A reporter from the newspaper inspected the military base and saw Chinese emblems on the buildings.

He also met a group of Chinese soldiers or paramilitaries with badges from a unit based in the Xinjiang region of China.

They have confirmed that they have been stationed in the region for three to four years.

Both China and Tajikistan had denied the existence of the camp.

Russia sees China as a rival here

Radio Free Europe / Radio Liberty reported that the Tajik ruler Emomali Rachmon had offered the Chinese Defense Minister Wei Fenghe, during his visit to Dushanbe last July, to transfer ownership of the military base to China.

China had already made funds available to Tajikistan in recent years to strengthen security measures, for example for border fortifications and centers for the fight against terrorism, extremism and separatism.

Russia has its largest foreign military base in Tajikistan;

it traditionally counts the former Soviet republic to its “forecourt” in Central Asia and sees China as a rival here.

The increased cooperation with Tajikistan underscores that China is watching the security situation in Afghanistan with great concern. Only on Wednesday, Foreign Minister Wang Yi, in talks with Taliban leaders in Doha, reiterated the demand that they must take action against Uyghur extremists and "other terrorist groups that pose a threat to China's stability" in their own country. The Taliban leaders had made appropriate commitments. China's greatest concern is that battle-hardened Uighur fighters from the Islamic State (IS) terrorist group could travel from Syria to Afghanistan and infiltrate into Tajikistan from there.

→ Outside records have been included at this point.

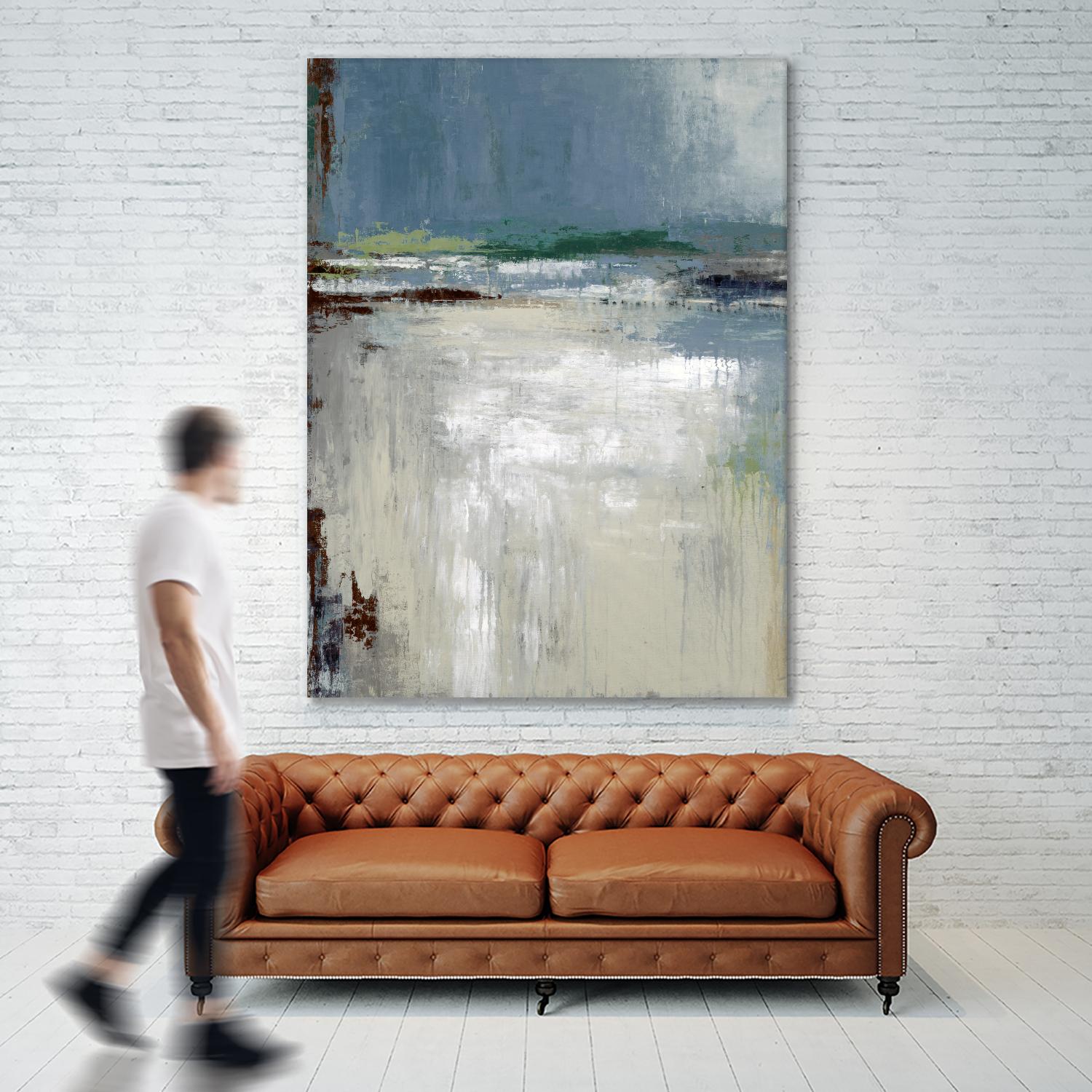 Soft Horizon by Liz Jardine on GIANT ART - white abstract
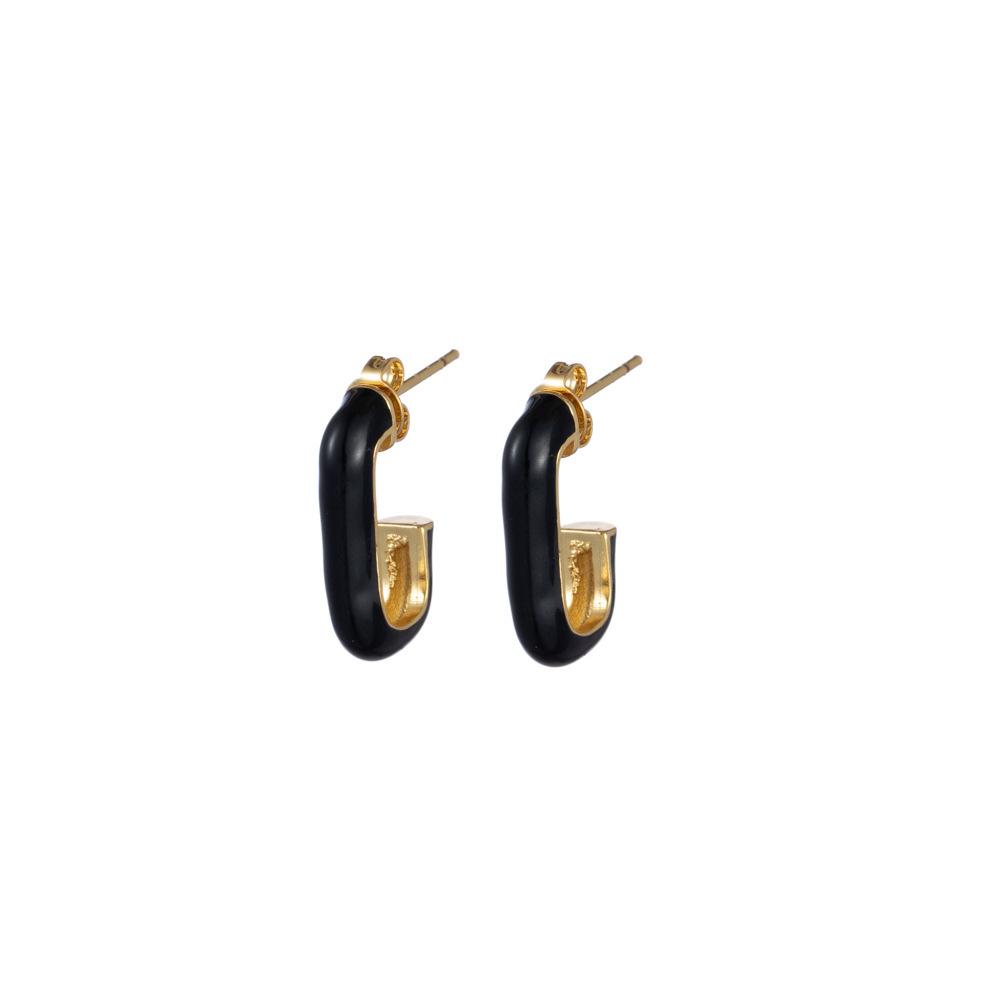 

Jshaped Contemporary Womens Earrings With Sleek Geometric Design And Colors чорний
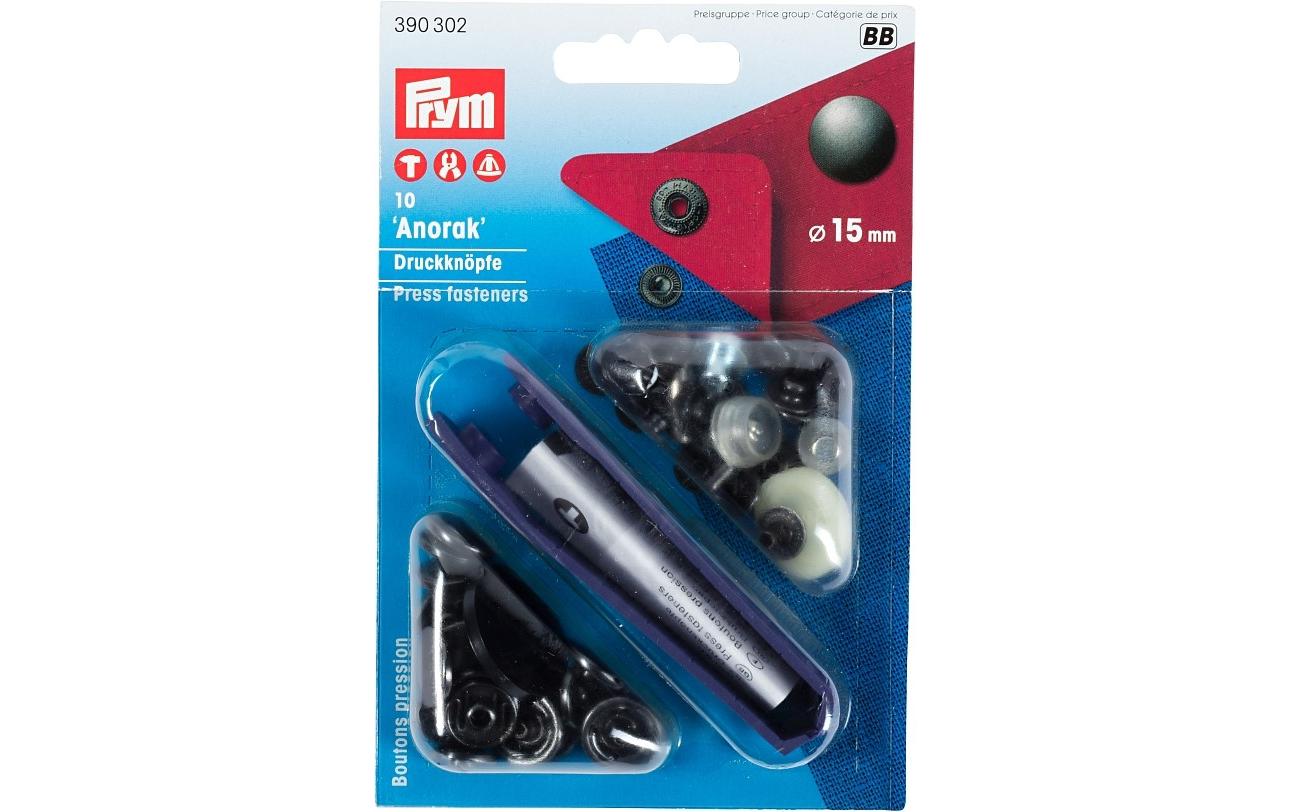 Prym Druckknöpfe Anorak 15 mm, 10 Stück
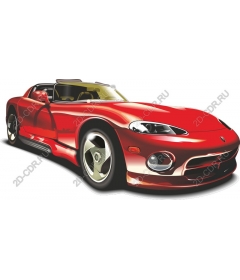 Классический красный спортивный автомобиль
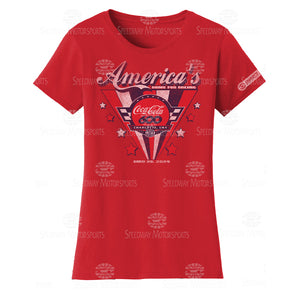 Coca-Cola 600 Ladies Event Tee Red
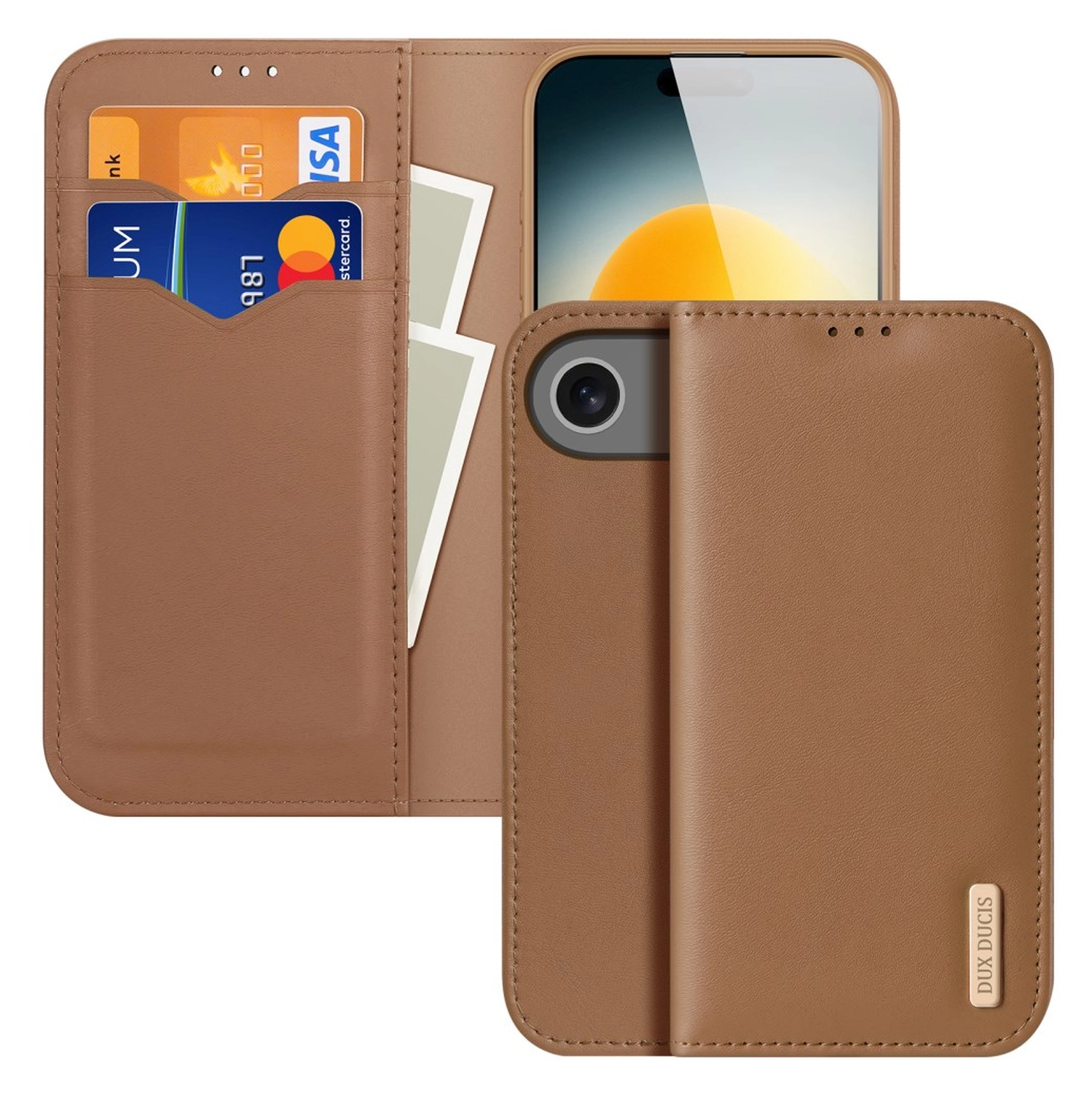 Dux Ducis Hivo Apple iPhone Air Hoesje RFID Book Case Bruin afbeelding 1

Beijing fears they could attack Chinese facilities in Central Asia.

Both the IS and the so-called Pakistani Taliban have expressed sympathy with the Uyghur minority in China in their propaganda and threatened Beijing.

A few hundred Uyghur fighters were recently suspected of being on the side of the Taliban in Afghanistan.

China also fears that drug trafficking from Afghanistan will destabilize its western border.